Finally doing something I've thought about for some time.
I'm adding some back-up solar power capability on a very basic level.
My backyard is sun challenged, neighbor's trees cast a lot of shade on my south side, but in winter, many of the trees shed leaves, and I get some good rays.
So, I'm installing a solar panel to see if I can keep a battery bank charged, maybe power some Ham radio gear, and keep Internet modem up and running in a power outage (if Comcast does it's part to keep its gear powered).
I'm starting with a 100 watt monocrystalline panel, and I've opted to hang it from my back deck. I used steel angle strips for mounting with 12 gauge for the main vertical supports, and 14 gauge for direct panel attachments and positioning bars. It's anchored with bolts through a pair of 2x10s that support my rear deck. Placement allows to convenient adjustment and other tinkering during experimentation, while still keeping the panel and supporters high enough to give most people head clearance.
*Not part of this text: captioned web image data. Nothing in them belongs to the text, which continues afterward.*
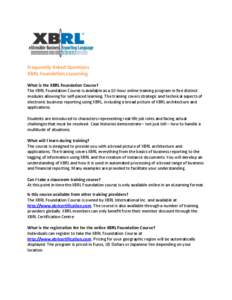 Frequently Asked Questions XBRL Foundation eLearning What is the XBRL Foundation Course? The XBRL Foundation Course is available as a 10-hour online training program in five distinct modules allowing for self-paced learn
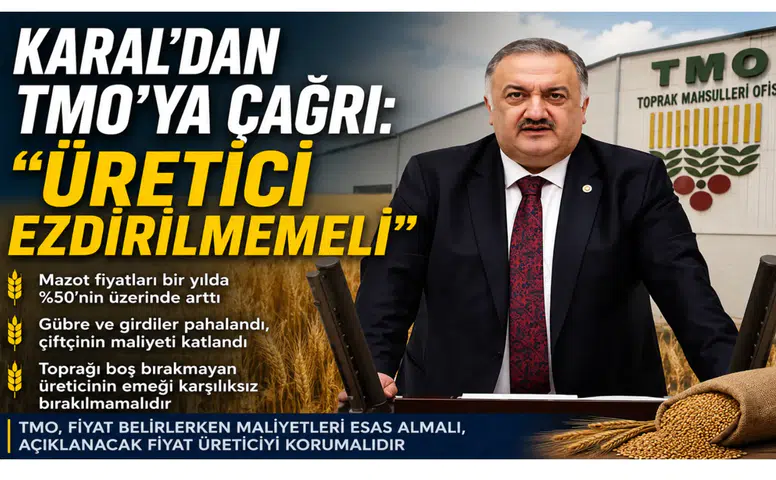 Karal’dan TMO’ya Çağrı: Üretici Ezdirilmemeli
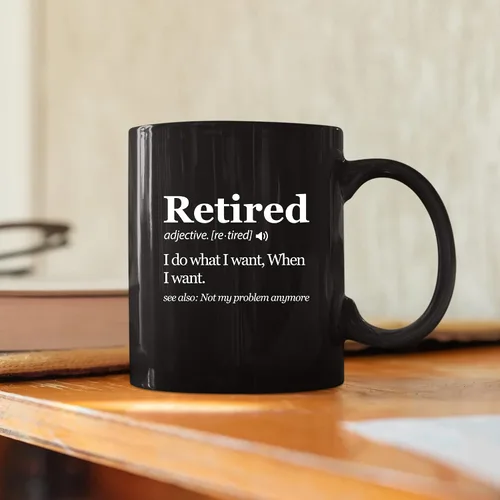 Miniatura 5 de Panvola Taza con texto en inglés "Retired Definition I Do What I Want When I Want Retirement Mug Not My Problem Anymore Going Away", regalo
I'd get better sun exposure on my roof, but I'm adverse to heights. If the low hung panel shows good results, I might consider a roof top expansion later. On the other hand, if low hanging meets my needs, maybe another low panel would be the way to go.
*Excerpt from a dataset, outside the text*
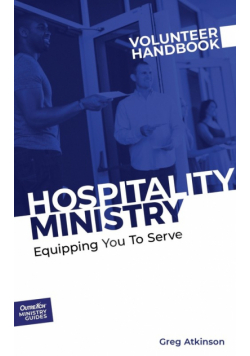 Hospitality Ministry Volunteer Handbook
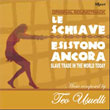 Le Schiave Esistono Ancora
Hoping to get the panel wired to an controller and a battery bank next week. Initial bank will probably be three 12v 35ah AGM batteries wired in parallel. I bought the batteries recently as storm outage back ups, and currently deep them on an AC battery maintainer.
Yes, there are bigger, deeper batteries available, but the 35ah size can be easily moved if I want to tote one off to a remote location for use with an small inverter. I bought two 300 watt pure sine wave inverters when I got the batteries.
I have no ambitions of living "off grid" in normal situations. But I am looking to come up with some basic back-up for intermediate to long term power outages. I see solar as a means of powering communications, maybe a few low amp lights, and an occasional look at TV during a prolonged "grid down" occurrence.
Even if solar fails to completely satisfy my emergency charging needs, I have a little gas powered generator that's ideal for running a regular battery charger. Power coming directly from the cheapo generator is probably too dirty to risk direct connection to pricey and sensitive electronics.